Have you ever heard of or read the 100 Hour Board? It's a group at BYU that you can ask any question to, any question at all, and they'll give you an answer 100 hours later. I love it, and I've been reading it on a daily basis for almost four years. Over the course of that time, I've learned so many random things from them, and have asked questions myself on occasion that I loved reading their answers to.
Anyway, when I was reading them today there were several questions that had to do with the new semester starting at BYU this week (today, in fact). Like, suggestions for how to have good relationships with new roommates, and what the board writers were most looking forward to with this new semester. And it just instantly took me back to BYU and made me miss the campus and the school and everything about it so bad.
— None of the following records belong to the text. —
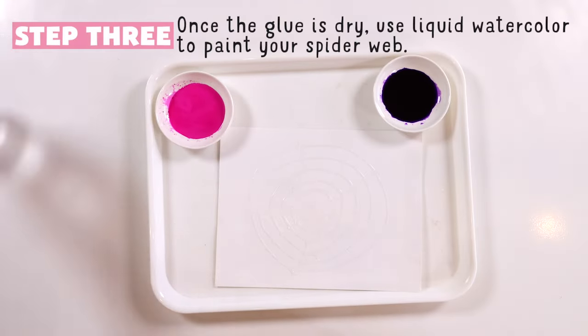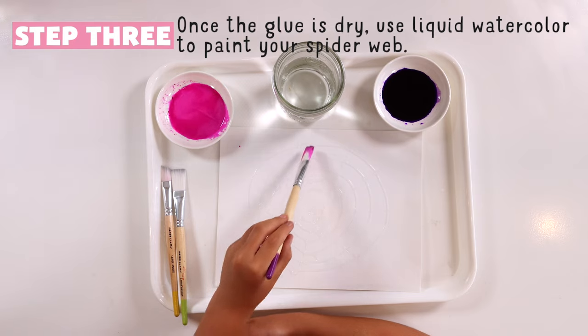After it dries, use the watercolor to paint on it. I used pink and purple.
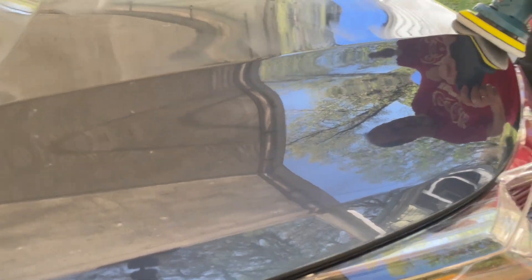Man, I'm pretty impressed with this. It looks pretty nice. I like it.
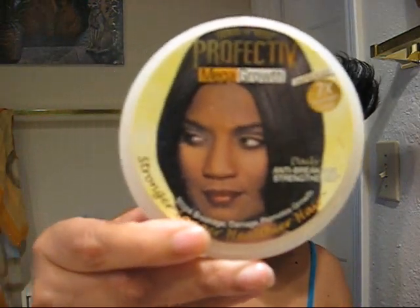I moisturized with the Break-Free Mega Growth Anti-Breakage Strengthener — the one that stops breakage, damage, and promotes growth for stronger, longer, healthier hair, seven times stronger. I can already tell my ends look a whole lot better, and it's feeling really soft. I only sat under the heating cap for about 10 minutes because it was hot.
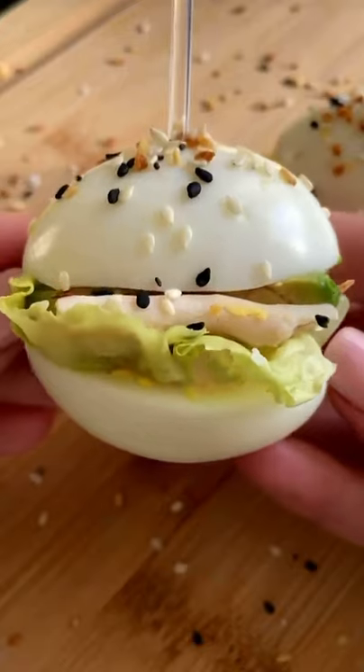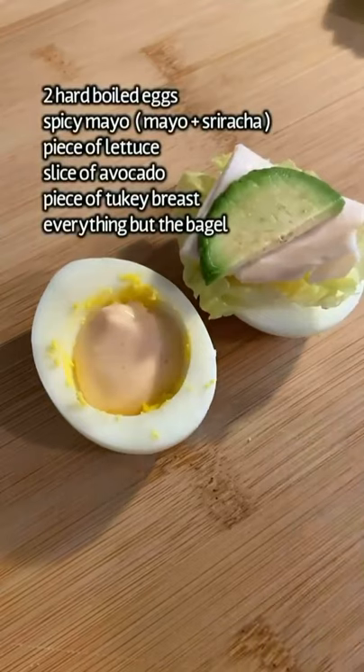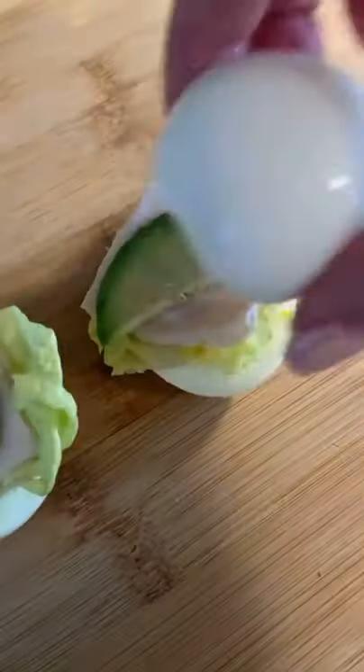Boil two eggs for seven to eight minutes, or until hard boiled. I remove the yolks, but it's up to you. Add a dash of spicy mayo, your lettuce, turkey bacon or turkey breast, and a little piece of avocado.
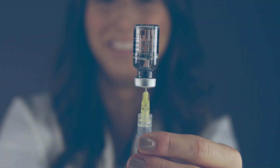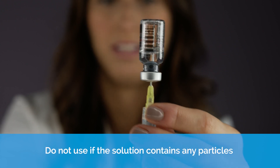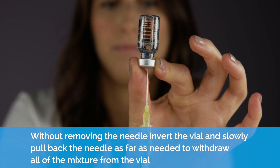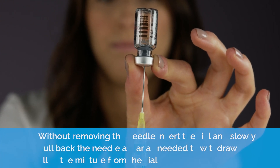Preparing the injection. Do not use if the solution contains any particles. Without removing the needle, invert the vial and slowly pull back the needle as far as needed to withdraw all of the mixture from the vial.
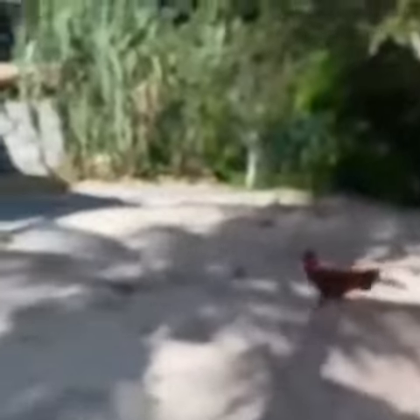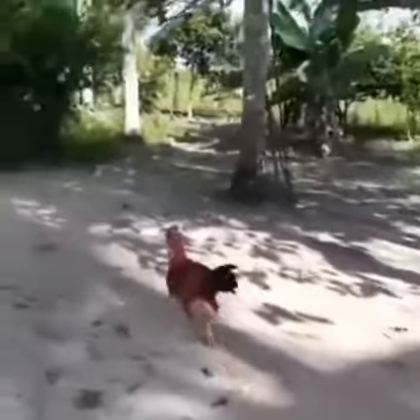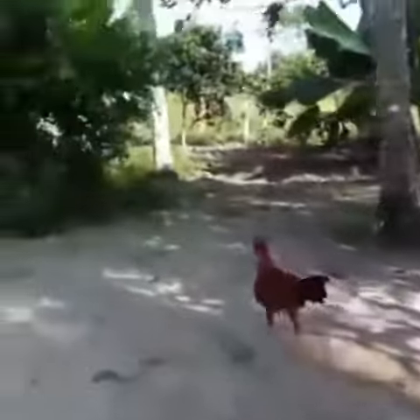Wow, right counter by Jordan, rolling Reigns up — they catch him here. Shoulders down, Reigns almost got caught. Superman punch. Good night. Cover.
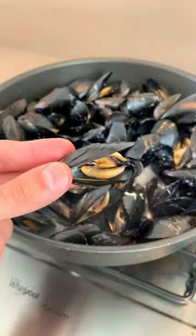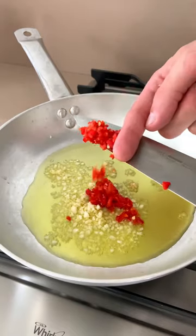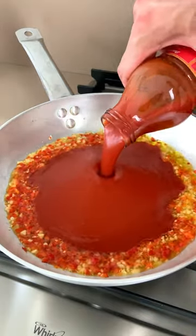All you have to do is cook your mussels for five minutes or until they're fully open. Now, make a quick tomato sauce with chili and garlic.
I loved being at BYU. I know I've mentioned it before, but I really, really did. And I miss it. I miss campus in the morning. I miss walking up past the indoor practice field, past the wonderful-smelling purple flower bushes, with the sun breaking over the mountains. I loved the path on the western hill that I walked home on through all of the afternoons, nearly every day, my sophomore year, where even though I was on campus I was alone and in nature. I loved that busy intersection of pedestrians between the SWKT and the JFSB, where I had heard stories of a student in a long-ago day directing traffic with a whistle and hand signals. I loved the people and classes and wards and my roommates. I could go on and on and on, but I think you understand.
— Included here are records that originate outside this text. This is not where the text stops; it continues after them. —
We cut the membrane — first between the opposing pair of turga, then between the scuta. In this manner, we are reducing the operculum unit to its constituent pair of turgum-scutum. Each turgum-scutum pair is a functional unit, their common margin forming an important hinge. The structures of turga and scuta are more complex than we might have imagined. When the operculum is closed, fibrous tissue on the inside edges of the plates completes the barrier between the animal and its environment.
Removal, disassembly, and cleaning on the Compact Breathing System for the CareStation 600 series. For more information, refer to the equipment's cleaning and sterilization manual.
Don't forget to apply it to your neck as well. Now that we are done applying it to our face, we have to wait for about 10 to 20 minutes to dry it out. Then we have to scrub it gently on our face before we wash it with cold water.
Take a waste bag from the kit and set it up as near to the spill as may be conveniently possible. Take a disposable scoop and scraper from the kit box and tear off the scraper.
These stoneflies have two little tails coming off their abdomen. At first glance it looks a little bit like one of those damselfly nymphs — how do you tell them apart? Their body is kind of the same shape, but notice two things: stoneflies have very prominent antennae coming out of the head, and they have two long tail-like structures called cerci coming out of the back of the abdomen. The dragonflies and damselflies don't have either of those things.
I miss things. When they are done and over and I have to move on, I miss them. I still miss the way things were with my friends at the end of high school. When I got to BYU, I missed my high school friends so badly, and the fun nights we would have and the guitar sing-a-longs and the bonfires and everything we did together. I was loving BYU, but I was also missing what had been and what no longer was.
And that's how it is now. I love where I am - I love having Ellie and for the things Jason and I are being able to do - but I miss the way things were. I miss BYU, so badly. I loved it there. And when I think of it, and my memories and the pictures in my head come alive so vividly, I ache for it.
I read a book not too long ago, about the emotional aspects of moving. I know that seems a silly thing to write a book on, but the author was a woman who wanted to help other women have an easier time when having to move to a new places and start new phases of their lives. And she said something that I've thought of a couple times since I read it. She said, basically, that if there are things that were, but no longer are, and we loved the things that were, that we should not miss those things but cherish them. And that's what I try to remember now when I think of the things in my life that were, but no longer are, that I loved (and still love) deeply. I can no longer be at BYU. My time there has finished, and my life is moving on. But I can cherish those memories in my heart. And I do.